Si presentano come decisamente in crescita i conti dell’esercizio chiuso ad agosto della giapponese Fast retailing, il conglomerato che controlla, fra l’altro, al 55%, l’insegna di grandi magazzini Uniqlo.
Le vendite sono state, in euro equivalenti, di 7,1 miliardi, in salita di quasi 19 punti percentuali, mentre gli utili hanno messo a segno 540 milioni, con uno sviluppo del 24% circa. Ma si temono risultati meno brillanti per l’anno fiscale in corso, quando il fatturato metterà a segno “solo” un +5,1% e i profitti, si reputa, cederanno circa il 17%.
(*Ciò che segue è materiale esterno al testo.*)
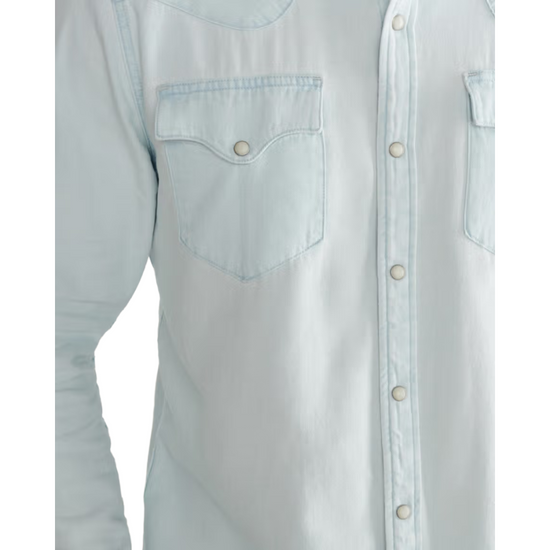 Tecovas Men's Ultra Light Wash Denim Pearl Snap Shirt 40437ULI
Uniqlo fungerà da salvagente - mentre nel 2010 ha accusato un settembre difficile, in quanto la calura ha rallentato la vendita di capi autunnali, con una flessione della domanda del 25% in Giappone – e macinerà un fatturato internazionale di 100 miliardi di yen (+37,4)%.

Uniqlo, il cui arrivo in Italia – e precisamente a Milano - dovrebbe essere imminente (fine 2010-inizio 2011), anche se la data viene di continuo spostata in avanti, ha un fitto programma di opening: 60 magazzini diretti in Patria. Ci saranno però anche 24 chiusure dovute a una razionalizzazione della rete.
L’insegna, nel corso del 2010 si è espansa in Malesia, mentre in autunno ha lanciato una campagna di inaugurazioni su Taiwan, Sud Corea, Cina, Hong Kong.
Da segnalare anche la presenza di Uniqlo a New York, Parigi e Londra.
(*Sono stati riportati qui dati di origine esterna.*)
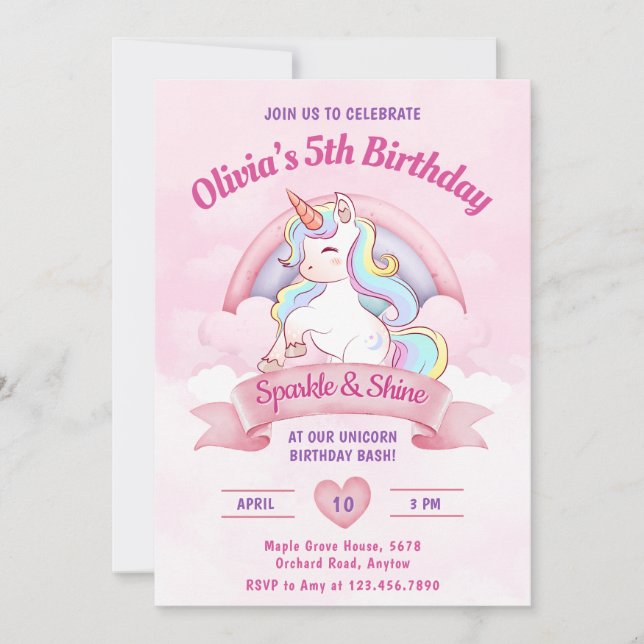 Invitación Pastel Rainbow Unicorn Magnífica fiesta de cumplea (Anverso)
Attualmente Uniqlo rappresenta la posta più importante del giro d’affari di Fast Retailing, con una fetta dell’85%, anche se la holding nipponica possiede altri marchi del calibro di Comptoir des Cotonniers e Princesse Tam Tam.

Uniqlo vanta nel mondo quasi 1.000 negozi e vende 400 milioni di articoli. Il magazzino di Soho, a New York, totalizza 24.000 clienti al sabato. Un bel competitor, quando arriverà nella Penisola, per le nostre catene locali e per i colossi Zara e H&M.